But then Packers fans witnessed something never seen before. Al Harris and his agent Jack Betcha (founder of the National Football Post website) began to post videos of Harris’ rehab. At first, the weekly videos showed Harris simply jogging, stretching the knee, and doing some light work with weights. By week 6, Harris’ progression was becoming more evident; he was running and doing agility work. Aside from a scary moment or two, Harris’ rehab has been ahead of schedule.
And now, we sit perched on the eve of training camp, and head coach Mike McCarthy has already singled out Al Harris as the one player he doesn’t anticipate being ready:
I think Al is going to be definitely challenged to make it at the beginning of training camp. I’m sure Al may tell you something differently, but that’s kind of my assessment of the information I’ve been given.

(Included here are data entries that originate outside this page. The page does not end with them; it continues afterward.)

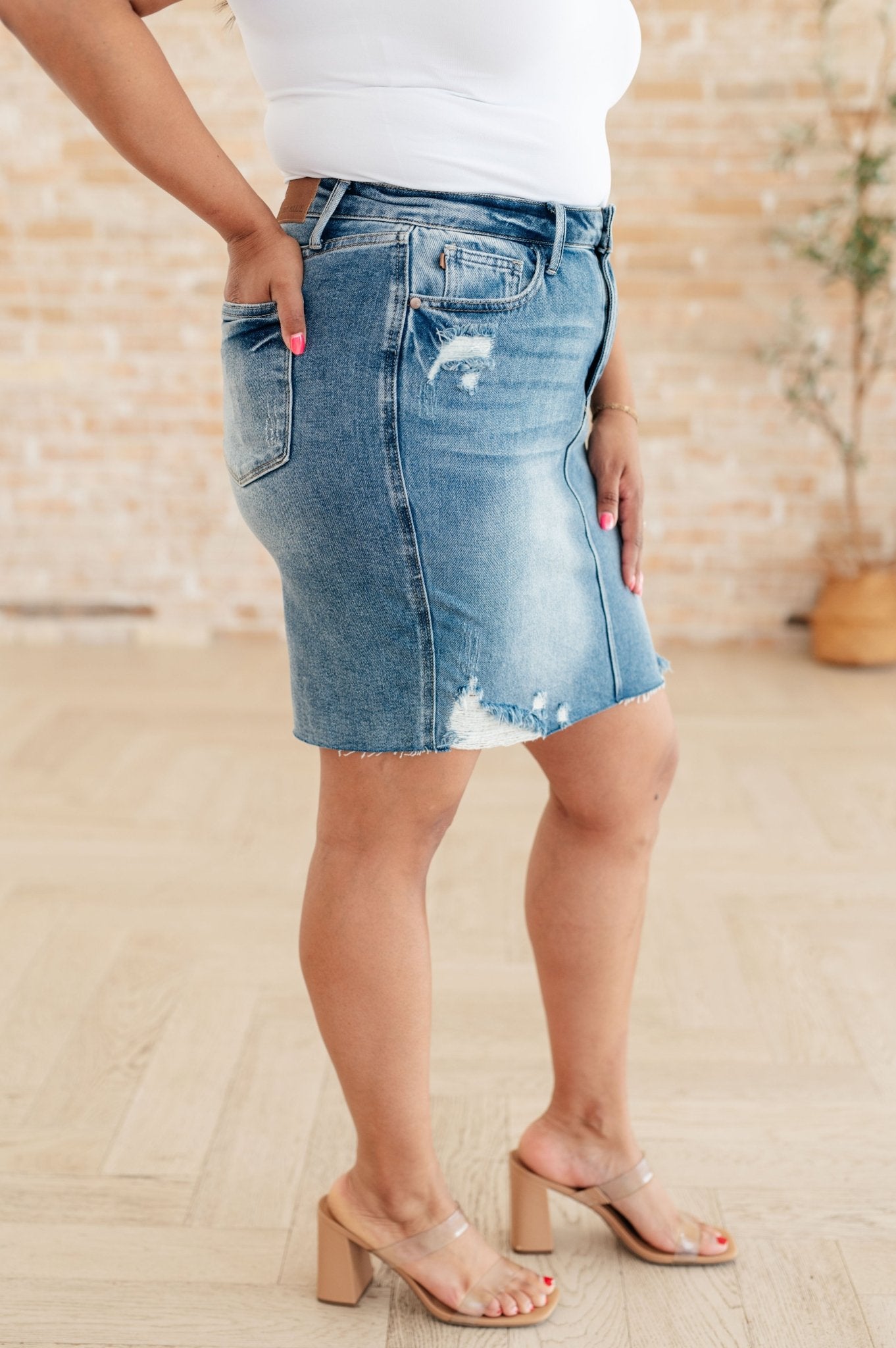 Carol High Rise Rigid Magic Denim Skirt - Driftwood Boutique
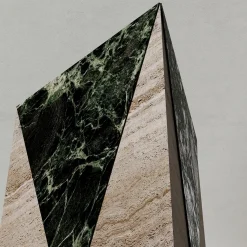 Carcino Design Vaso Polimelus Verde Alpi e Travertino><noscript><img width=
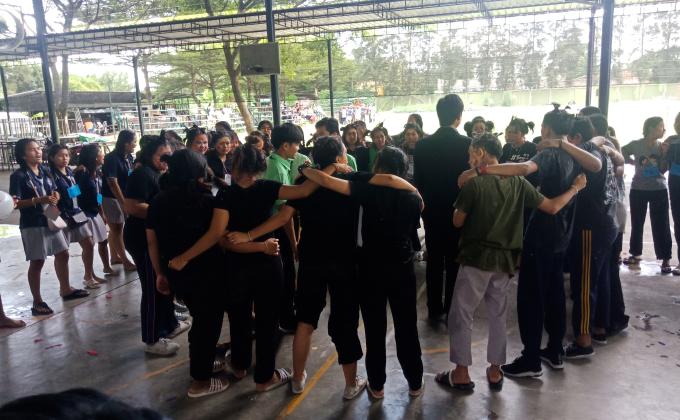 เข้าร่วมกิจกรรมสานสัมพันธ์รุ่นพี่รุ่นน้อง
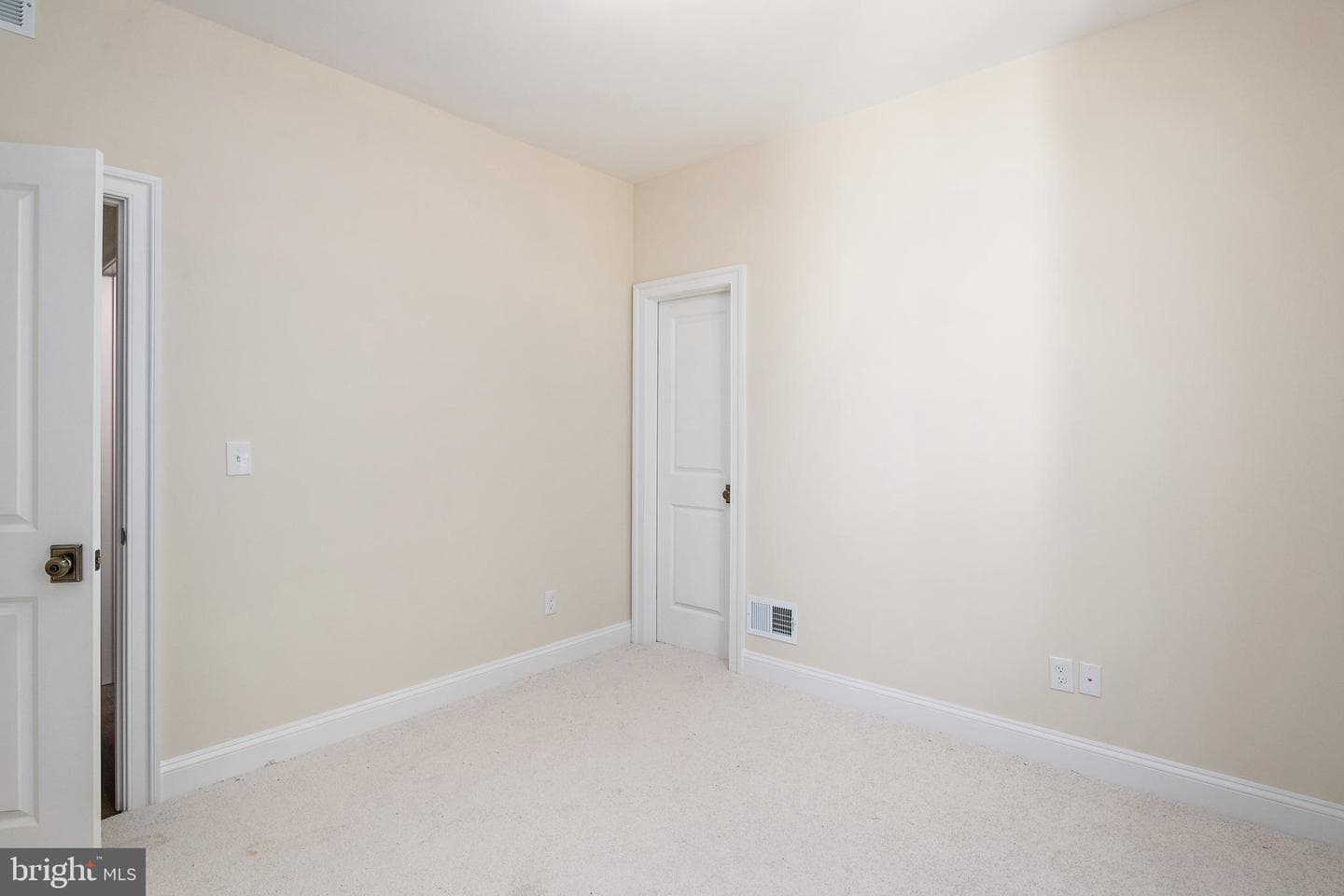410 5 Farms Drive photo 48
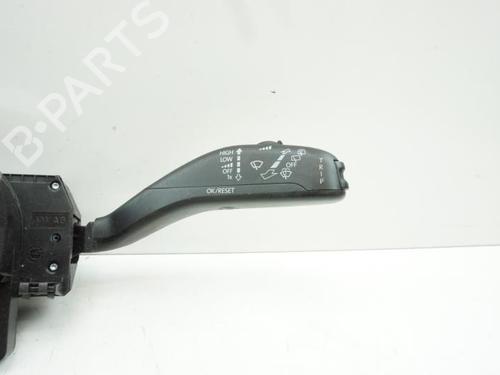 Used Steering column stalk VW POLO V (6R1, 6C1) 1.2 (60 hp) 18197455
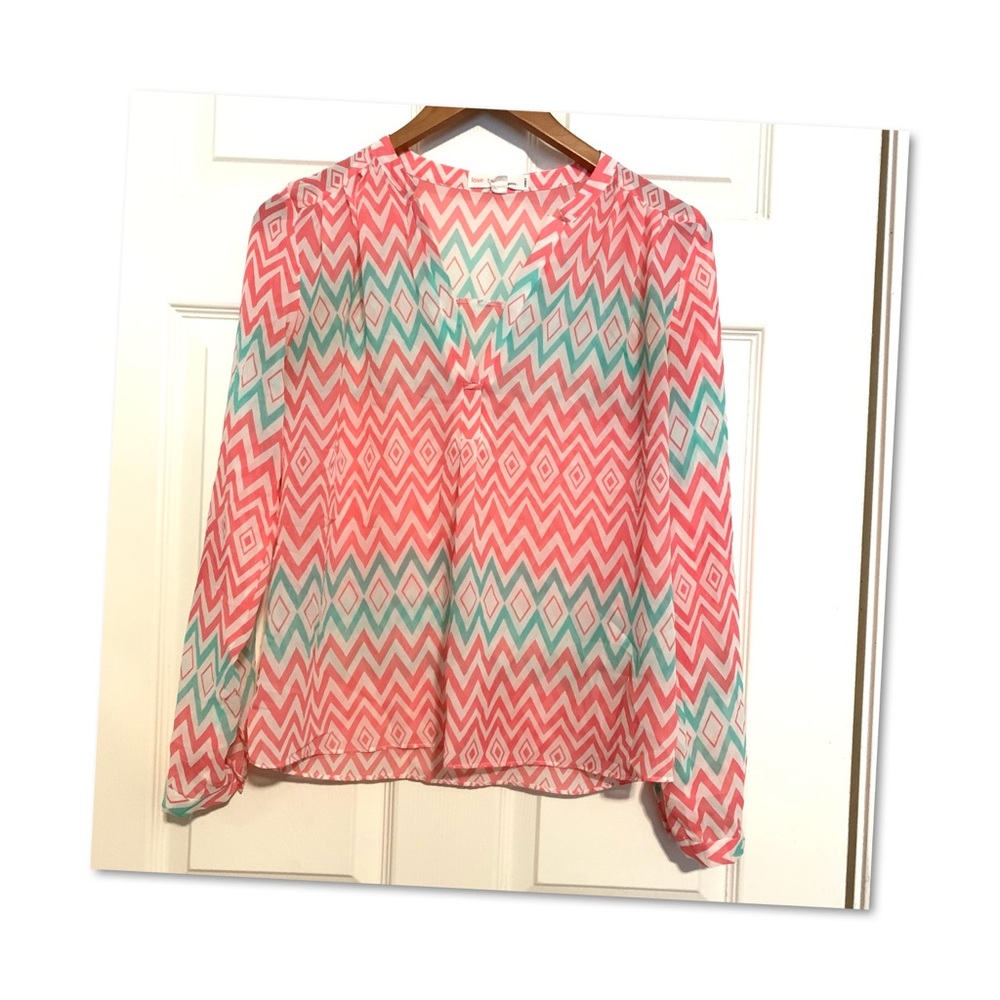 Love tree sheer long sleeves blouse size : small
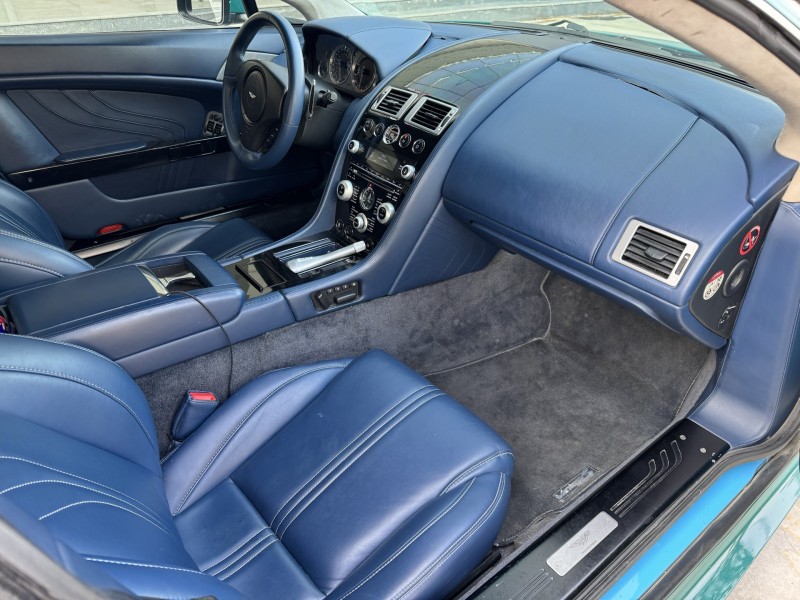 济宁12年阿斯顿·马丁Virage6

Despite McCarthy’s – or anyone else’s – opinion, Harris has been adamant about being in the lineup for the first week of the regular season against his former team, the Philadelphia Eagles:
There’s no doubt in my mind. There is no doubt in my mind. At all. That was my goal from Day One, and that’s still my goal today.
A more cautious, or perhaps skeptical, assessment of his return would place Harris on the Physically Unable to Perform (PUP) list for the first 6 weeks of the regular season. This scenario would make him eligible to return to action on week 7, which happens to be a home game against the rival Minnesota Vikings. However, it’s tough to bet against Al Harris. This is the same Al Harris who recovered from a supposedly season-ending spleen injury in a mere 4 weeks. This is the same Al Harris who has missed only 10 games in his 12-year career. It’s tough to bet against Al Harris because he loves to prove you wrong.
Can Al Harris return to the field this season and become the dominant player he was before the injury? As Alshinard himself would say: The proof is coming soon.